Embodiments of the present invention relate to a substrate support for holding a substrate in a substrate processing chamber.
In the processing of substrates, such as semiconductors and displays, an electrostatic chuck is used to hold a substrate in a substrate processing chamber. A typical electrostatic chuck comprises an electrode covered by a dielectric, such as ceramic or polymer. When the electrode is electrically charged, electrostatic charges in the electrode and substrate holds the substrate on the chuck. Typically, the temperature of the substrate is controlled by providing a gas behind the substrate to enhance heat transfer rates across the microscopic gaps between the substrate and the surface of the chuck. The electrostatic chuck can be supported by a base which has channels for passing a fluid therethrough to cool or heat the chuck. Once a substrate is securely held on the chuck, process gas is introduced into the chamber and a plasma is formed to process the substrate by CVD, PVD, etch, implant, oxidation, nitridation, or other processes.
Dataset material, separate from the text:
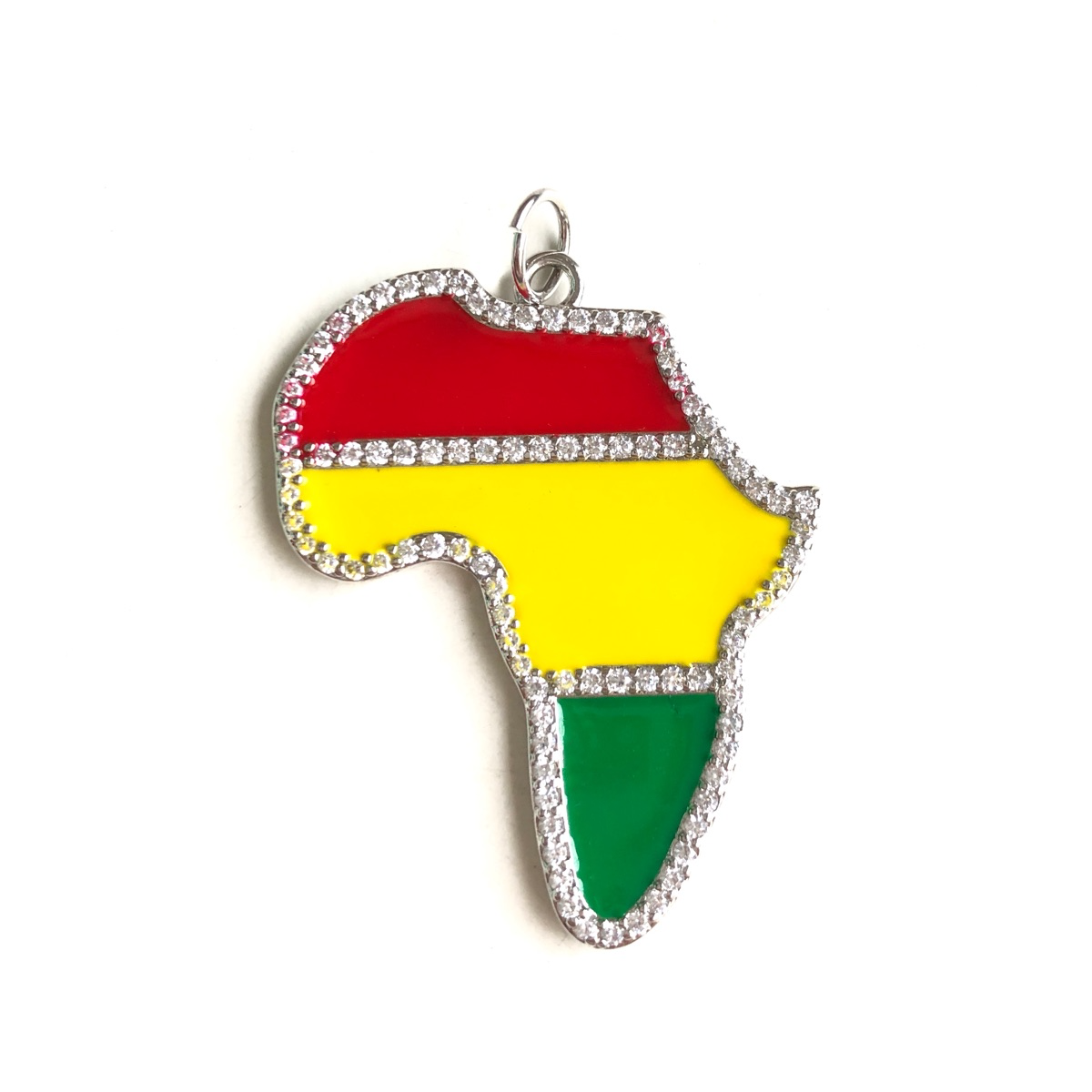 10pcs/lot Red Yellow Green Enamel Africa Map CZ Pave Charms for Black History Month Juneteenth Awareness Silver CZ Paved Charms Juneteenth & Black History Month Awareness New Charms Arrivals Charms Beads Beyond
During processing, a substrate is often subjected to non-uniform processing rates or other processing properties across the substrate surface. For example, such non-uniform processing can give rise to concentric processing bands in the radial direction across the substrate surface. Non-uniform processing can also result from the distribution of gas species or plasma species in the chamber. For example, the distribution of gas across the chamber can vary depending on the location of the inlet gas ports and exhaust ports in the chamber relative to the substrate surface. Also, mass transport mechanisms can alter the rates of arrival and dissipation of gaseous species at different regions of the substrate surface. Variability in processing rates can also arise from non-uniform heat loads occurring in the chamber. Such variable heat loads can also occur, for example, due to non-uniform coupling of energy from the plasma sheath to the substrate or radiant heat reflected from chamber walls. Such processing variability across the substrate is undesirable as the active and passive electronic devices being fabricated at different regions of the substrate, for example, the peripheral and central substrate regions, can have different properties.
Accordingly, it is desirable to reduce the variations in processing rates and other process characteristics across the substrate surface during processing. It can also be desirable to control temperatures at different regions across the processing surface of the substrate. It is further desirable to control a temperature and gas distribution profile across the substrate during its processing.